Give me your tired, your poor,
Your huddled masses yearning to breathe free,
The wretched refuse of your teeming shore.
Send these, the homeless, tempest-tossed, to me:
I lift my lamp beside the golden door.

would mean that we are not receiving all the world’s best, most-educated peoples. They will need some education and time to catch up.

2. I was especially troubled by the claim that America provides its people with a free education, free healthcare, food stamps, and free housing. Huh? Free education: do they mean free high school education? Because, I think we all know that you can barely even get a shit job with one of those. Do they mean a free university education? Because, I used to work for the Federal Government answering questions about financial aid, and there is almost no one, and I mean no one who gets their entire university education paid in the US. You have to be poor and I mean dirt poor before that happens. Free housing? If, by that, you mean the slums we call public housing, even those people pay reduced rent. But, the rat-infested, drug-ridden ghetto is nothing for anyone to brag about. Food stamps I’ll just leave alone. Anyone who feels that they need help in order to buy food (one can only buy food with them, let’s remember) will not be in any way hindered by me. Shall we starve them, or what? Jeez.
3. The assorted foreigners that are represented include all the old and current enemies of the State: Somalia (anyone who has seen “Blackhawk Down knows what I mean), Vietnam (most Americans still remember the horrors of this “conflict”), Russia (no real war, just a lot of bad sentiment and meddling), and the Middle East (let’s group all of those countries together since we don’t like any of them and they are all violent suicide bombers), and the current representative country of the most-recent debate on immigration: Mexico (of course they’re lazy—they even take off of work to go demonstrate against us.)

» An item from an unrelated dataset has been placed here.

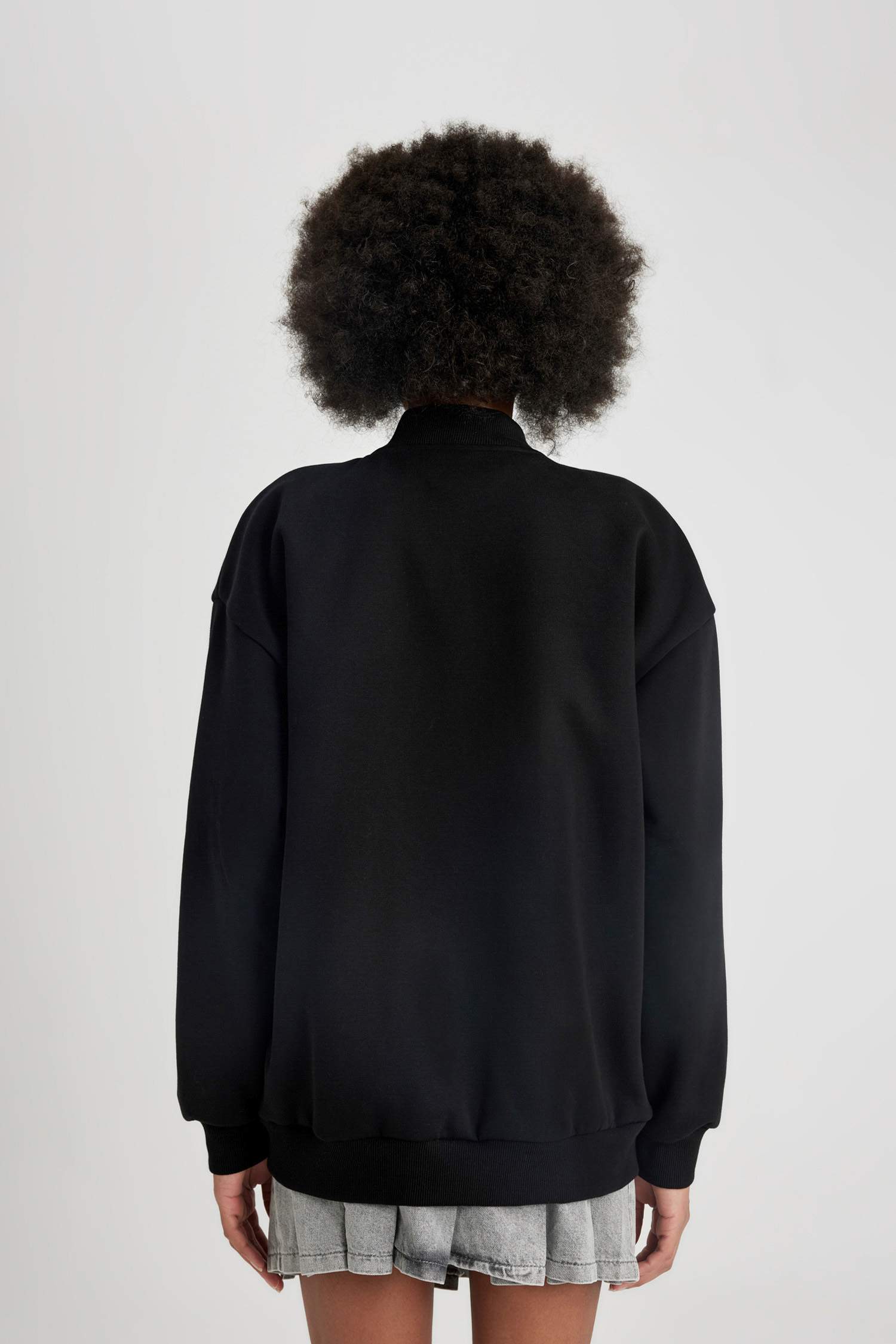 College Collar Basic Thick Bomber Jacket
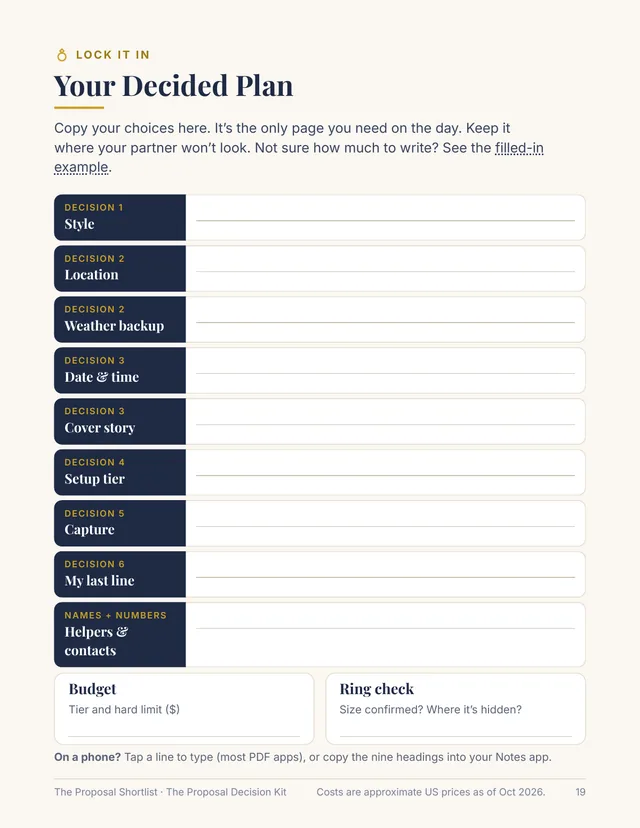 Kit page, Your Decided Plan: a fill-in page that records every choice, from style and location to the backup plan, budget, and ring check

I understand that this current debate is hard for extremely conservative Americans. They forget how their ancestors also came to America and had to start from the ground up. They shouldn’t forget, though, that their wealth and social status are a privilege and a blessing. They wouldn’t be so bold as to say a 40-hour week means they deserve all that they have if they were saying it to a Chinese sweatshop worker. America is an extremely wealthy country. One would think that with this great wealth also comes great generosity, shown through caring for their own. But, an American would be more willing to donate money to a victim of some earthquake somewhere rather than encourage any kind of domestic social service. If we are going to allow immigrants into our country, which the current administration is doing, the same administration that the Bible-bangers and neo-conservatives got there and kept there, then we should give them a helping hand as they struggle to stand on their own. Again, from the Center for Immigration Studies:

“There is no evidence that the economic slowdown that began in 2000 or the terrorist attacks in 2001 have significantly slowed the rate of immigration. More than 3.3 million legal and illegal immigrants have entered the country since January of 2000.”

“Immigrants account for 11.5 percent of the total population, the highest percentage in 70 years. If current trends continue, by the end of this decade the immigrant share of the total population will surpass the all time high of 14.8 percent reached in 1890.”

With our invitation comes a responsibility to be a good host and guide. It is, after all, the American way.